Dass der Konflikt, der sich vor neun Jahren verschärfte, bis heute nicht einzudämmen ist, hat aber noch weitere Gründe: „Erinnerungen und Wut sind noch ganz frisch. Die Regierung hat keine Plattform geschaffen, um das zu verarbeiten. Es gibt keine Maßnahmen, die zu einer Versöhnung führen könnten“, so Barkindo.
Eine bessere Einbindung der Bevölkerung vor Ort fordert auch Moshood Raimi, der für die nichtstaatliche Organisation Nigeria Ingo Forum arbeitet. „Ihre Ansichten bei der Planung und Durchführung von Hilfs- und Friedensaktivitäten werden in gewisser Weise sogar unterdrückt.“
Große Probleme gebe es auch bei der Grundversorgung. „Die Finanzierung reicht nicht aus.“ UN-Zahlen zufolge haben fünf Millionen Menschen in dem betroffenen Gebiet nicht ausreichend Zugang zu Nahrung. 490.000 Kinder leiden an akuter Mangelernährung. Verschiedene Organisationen betonen allerdings, dass bis heute nicht alle Gegenden erreicht werden könnten. Die Zahlen dürften also durchaus höher liegen. „Wir fordern von der internationalen Gemeinschaft den festen Willen, sich um diese Notlage zu kümmern“, so Raimi.

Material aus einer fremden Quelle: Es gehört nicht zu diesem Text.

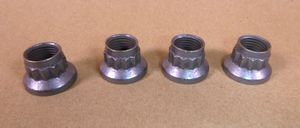 1/2-20 12 Point Self Locking Flange Nut 500 Deg F. Dry Film Lubricated (4 Pcs)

Instabil ist die Situation ebenfalls in den Nachbarländern, die im Laufe der Jahre immer stärker in den Konflikt gezogen wurden. Zuerst zogen sich die Terroristen in den Niger, nach Tschad und Kamerun zurück, verübten dort später aber auch Anschläge. Aufgrund der seit Jahren anhaltenden Wirtschaftskrise gilt aktuell vor allem der Tschad als desolat. Massive wirtschaftliche Unzufriedenheit hat letztendlich Anfang der 2.000er Jahre zum Aufstieg von Boko Haram beigetragen. Die ist bis heute spürbar. Deshalb, so Atta Barkindo, gelingt es der Miliz weiterhin, neue Mitglieder zu rekrutieren.